BEGIN Task data

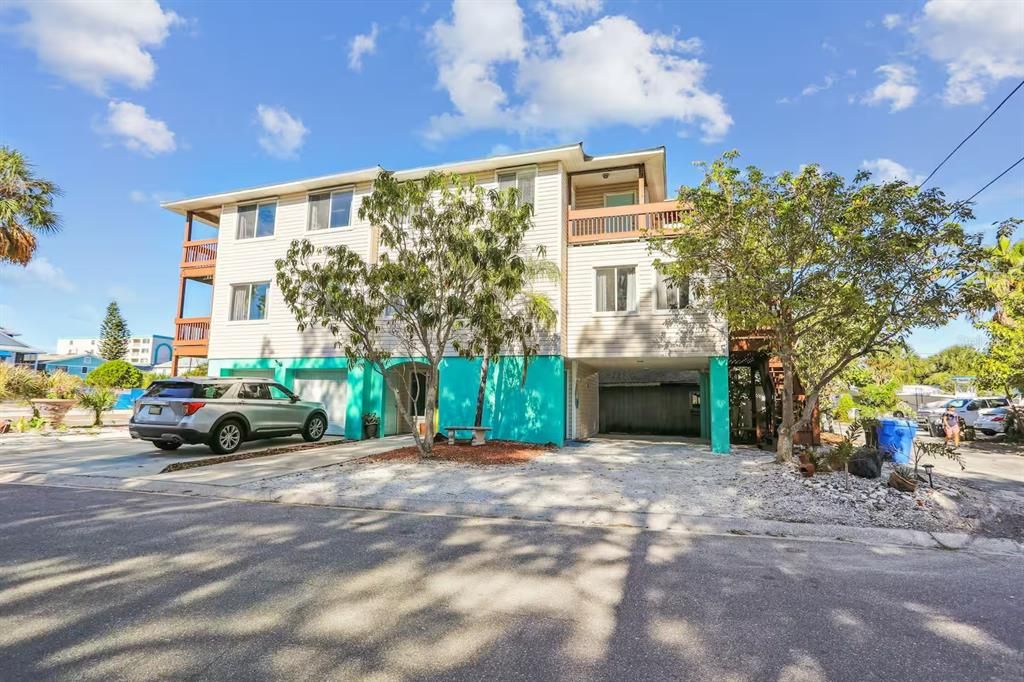 For Sale: $1,395,000 (5 beds, 3 baths, 2449 Square Feet)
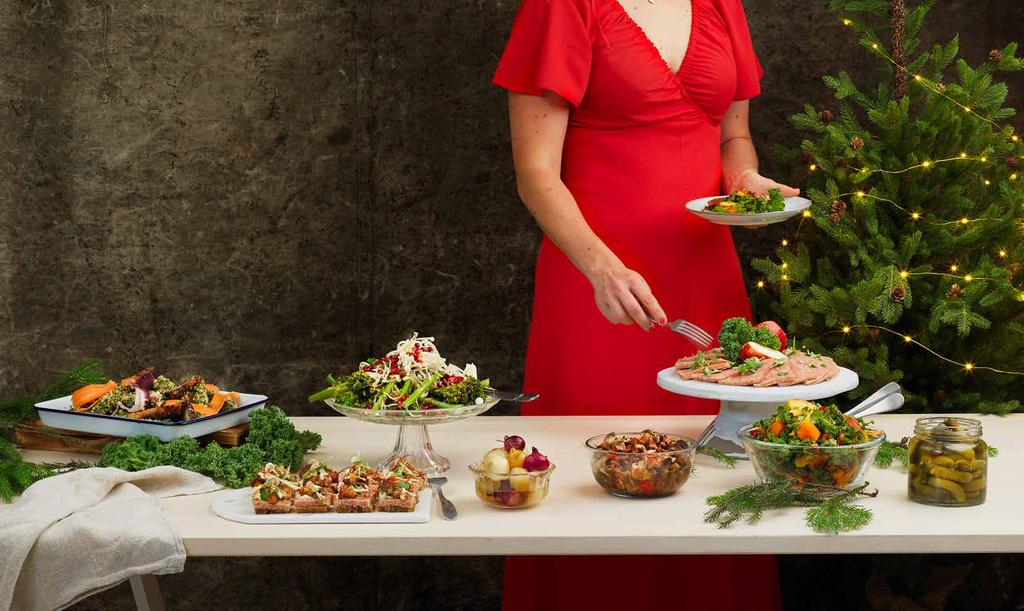 ROSTADE JORDÄRSKOCKOR & KALVSYLTA rullade i örter och valnötter, gräslök, morötter. BROCCOLINI, GRANATÄPPLEN, BÖNGRODAR, sesamfrön och enokisvampar.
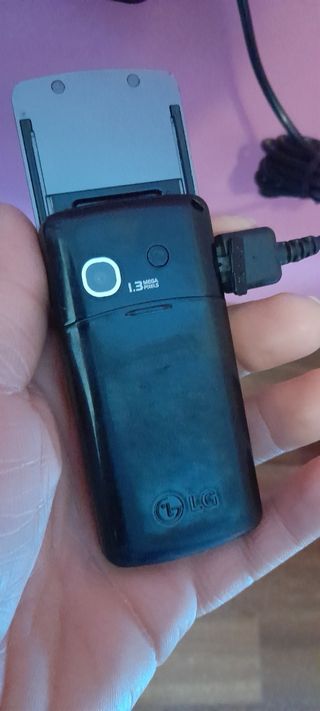 LG teléfono móvil negro. Sony Ericcson.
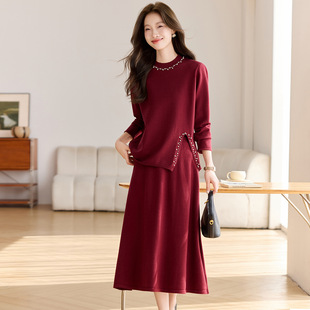 今年流行特惠2025秋冬新款 套裙优雅高级感钉珠针织上衣半裙 时尚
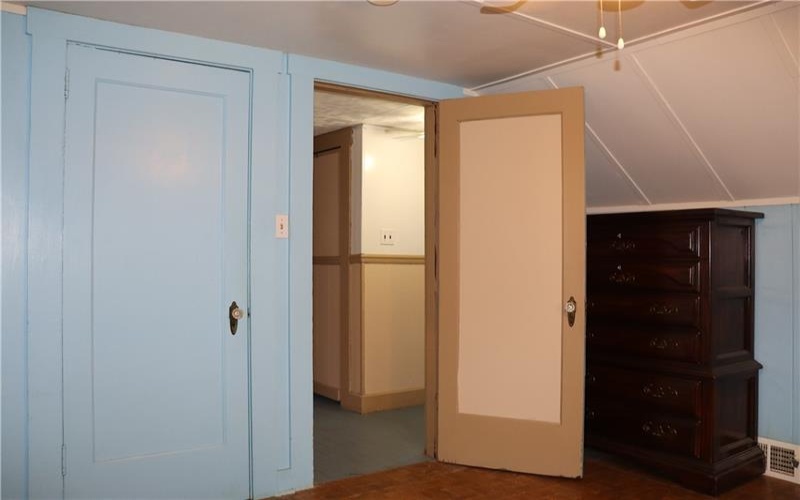 1298 Route 30, Laughlintown, 15655, 3 Bedrooms Bedrooms, 8 Rooms Rooms,2 BathroomsBathrooms,Residential,For Sale,Route 30,1720077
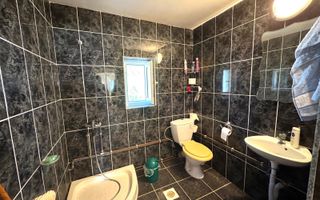 Casa spatioasa cu zona amenajata pentru ferma Cicarlau - Poză 18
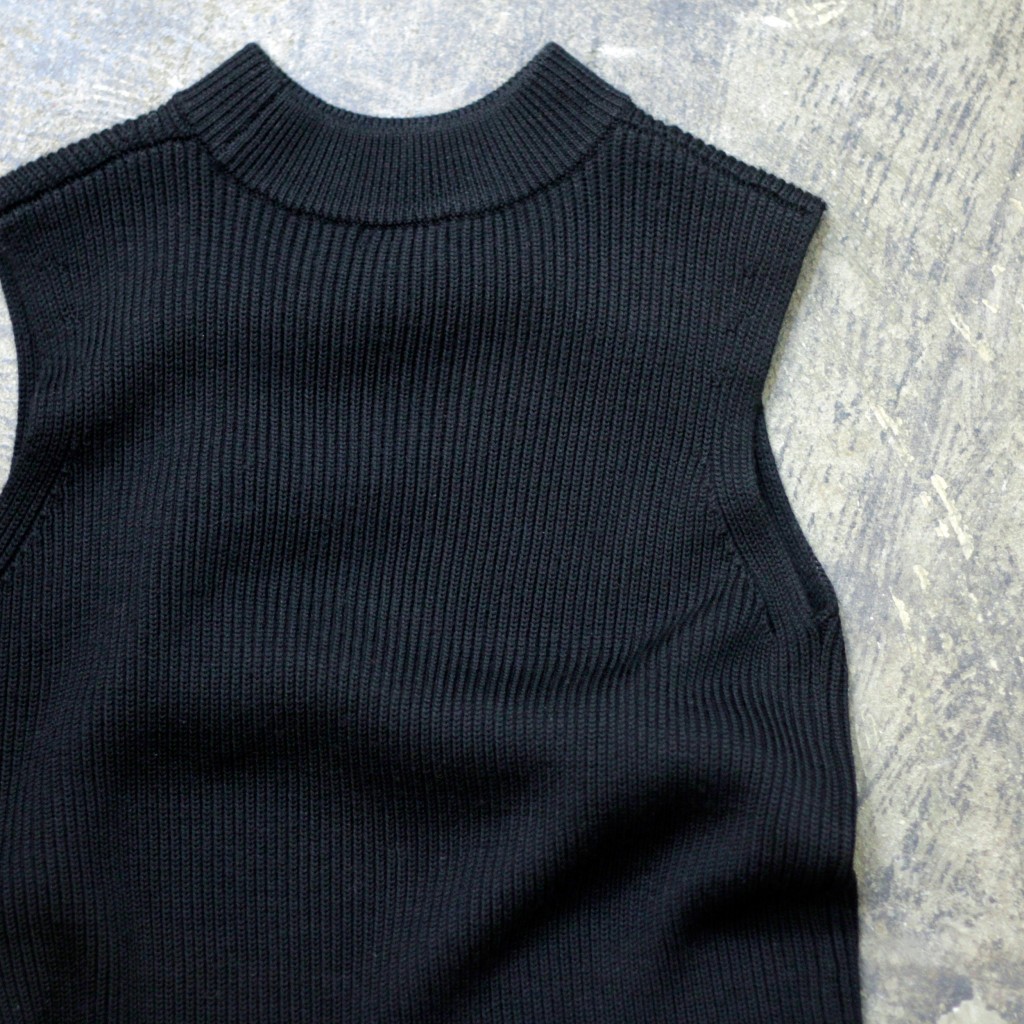 COS Sleeveless Hi-Neck Knit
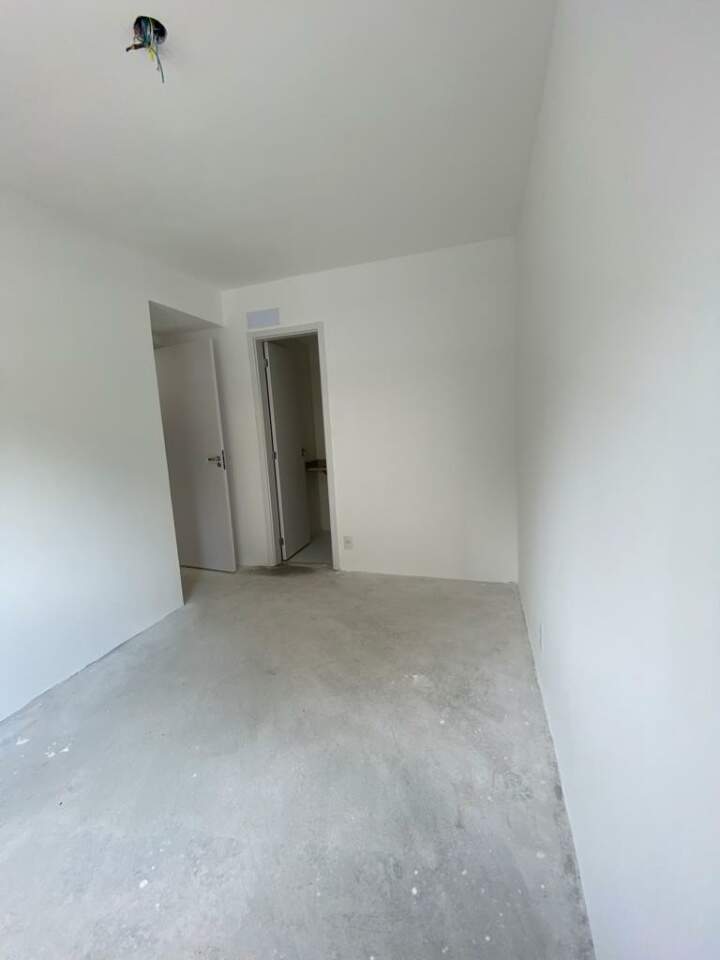 Apartamento à venda com 2 quartos, 84m² - Foto 29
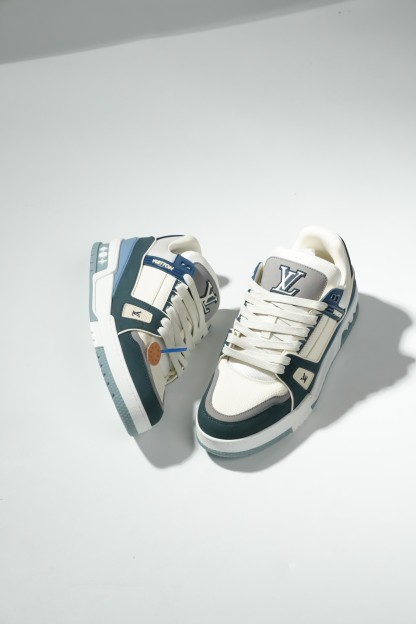 LOUIS VUITTON Trainer 牛仔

END Task data

_Problem to work on_
Exclude all images and retype the data precisely.

_Result of the exercise_
 For Sale: $1,395,000 (5 beds, 3 baths, 2449 Square Feet)
 ROSTADE JORDÄRSKOCKOR & KALVSYLTA rullade i örter och valnötter, gräslök, morötter. BROCCOLINI, GRANATÄPPLEN, BÖNGRODAR, sesamfrön och enokisvampar.
 LG teléfono móvil negro. Sony Ericcson.
 今年流行特惠2025秋冬新款 套裙优雅高级感钉珠针织上衣半裙 时尚
 1298 Route 30, Laughlintown, 15655, 3 Bedrooms Bedrooms, 8 Rooms Rooms,2 BathroomsBathrooms,Residential,For Sale,Route 30,1720077
 Casa spatioasa cu zona amenajata pentru ferma Cicarlau - Poză 18
 COS Sleeveless Hi-Neck Knit
 Apartamento à venda com 2 quartos, 84m² - Foto 29
 LOUIS VUITTON Trainer 牛仔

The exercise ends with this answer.